I’ve set up Betterstack logging with my Fly.io apps, and my production DB is returning with the following every 15 seconds or so: FATAL: password authentication failed for user \"postgres\". This is not happening with my test database which has no replicas, and the error is only coming from the primary node. The average load metric is also higher with a lot of transactions showing in PGAdmin. This is despite my production environment not actually having any traffic yet as I’m just getting it ready for release, so load should be way down compared to my test environment.
I’m a bit lost as to what is causing these logs. Is it a replica? It happens even if I spin up an entirely new postgres app with a couple of replicas.
To follow up on this, I decided to start another Postgres instance from scratch from a single machine. With a single machine, no errors. Scaling up to three also returns no errors. So, I can only deduce this to be an issue when you use flyctl and create a High Availability Postgres app with more than one machine. Cloning and scaling manually works fine.
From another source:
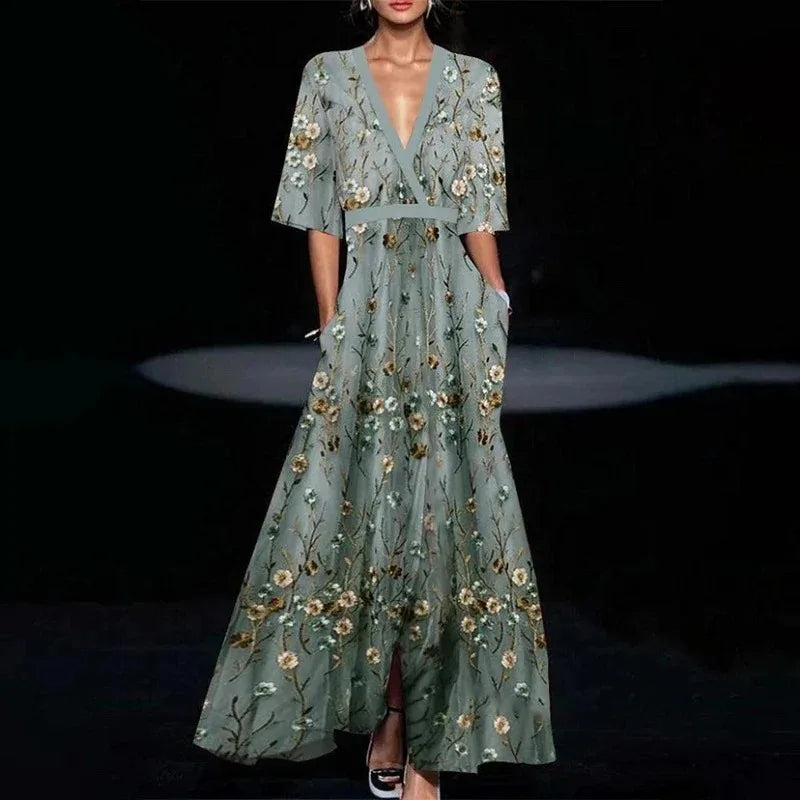 Rubby | Vestido de corte sastre con escote en pico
That is the interval for its health checks, by default, so that provides us with at least one hypothesis. The full configuration (intervals, timeouts, paths) is in the checks subtree of…
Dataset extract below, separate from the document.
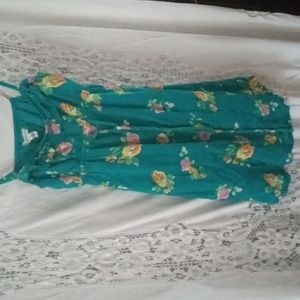Aeropostle floral sundress XS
fly config show -a db-app-name
These are just GET requests to a tiny HTTP server that the machine maintains, so you can introduce them ahead of schedule via…
fly m list -a db-app-name # consult the IP ADDRESS column of the primary
fly proxy 5500 fdaa:<hex-digits-from-above>:2
And then in a separate terminal…
curl http://127.0.0.1:5500/flycheck/pg
…as many times as necessary to observe a frequency change in the logs (or not!).
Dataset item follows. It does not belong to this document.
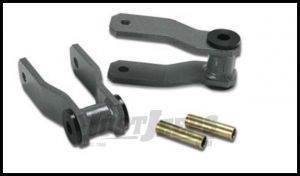 Warrior Products 1-2" Lift Shackles For 1984-01 Jeep Cherokee XJ 165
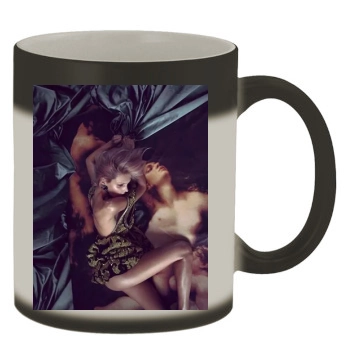 Anja Rubik Color Changing Mug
Thanks, @mayailurus, your reply has been helpful although it’s not solved my issue. I also started to have other logs mentioning “pg” and “psql” roles, which I found odd. Closing PGAdmin seemed to remove these extra logs, but there were still some happening at 4am using the “postgres” role.
I’m going to continue to monitor this overnight and see what’s happening. With a bit of luck, I won’t have these logs being sent to my logging service anymore!